Bug 1822763

Summary:	Master nodes wait in loop forever while booting up the cluster
Product:	OpenShift Container Platform	Reporter:	Jean-Francois Saucier <jsaucier>
Component:	Bare Metal Hardware Provisioning	Assignee:	Dmitry Tantsur <dtantsur>
Bare Metal Hardware Provisioning sub component:	ironic	QA Contact:	Raviv Bar-Tal <rbartal>
Status:	CLOSED ERRATA	Docs Contact:
Severity:	urgent
Priority:	urgent	CC:	beth.white, bfournie, bschmaus, dhellmann, dsafford, dtantsur, openshift-bugs-escalate, rbartal, stbenjam, tschaibl
Version:	4.3.z	Keywords:	Triaged
Target Milestone:	---
Target Release:	4.5.0
Hardware:	Unspecified
OS:	Unspecified
Whiteboard:
Fixed In Version:		Doc Type:	Bug Fix
Doc Text:	Retries for PXE boot have been introduced to cope with environments with networking issues. Additionally, the maximum number of retries has been increased for communication between the bare metal provisioner and the nodes being provisioned.	Story Points:	---
Clone Of:
Clones:	1827932 (view as bug list)		Environment:
Last Closed:	2020-07-13 17:26:42 UTC	Type:	Bug
Regression:	---	Mount Type:	---
Documentation:	---	CRM:
Verified Versions:		Category:	---
oVirt Team:	---	RHEL 7.3 requirements from Atomic Host:
Cloudforms Team:	---	Target Upstream Version:
Embargoed:
Bug Depends On:	1827721
Bug Blocks:	1827932

Description Jean-Francois Saucier 2020-04-09 19:14:48 UTC

Description of problem:

While creating the cluster with "oc create cluster", the master nodes are in "still creating" stage for almost 5 hours with no progress.

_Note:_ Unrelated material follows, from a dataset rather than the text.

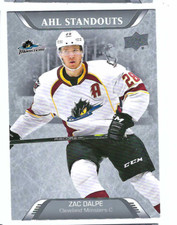 ZAC DALPE 2020-21 UPPER DECK AHL HOCKEY 2019-20 AHL STANDOUTS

During the cluster deployment, the master nodes get stuck in maintenance mode and clean-wait state. Removing the maintenance mode manually resume the install process.

This issue was seen in ironic in several environments. Not sure if the node gets stuck in clean-wait and then is up switches to maintenance mode, or if the node switches to maintenance mode, which then results in a fail of the clean-wait.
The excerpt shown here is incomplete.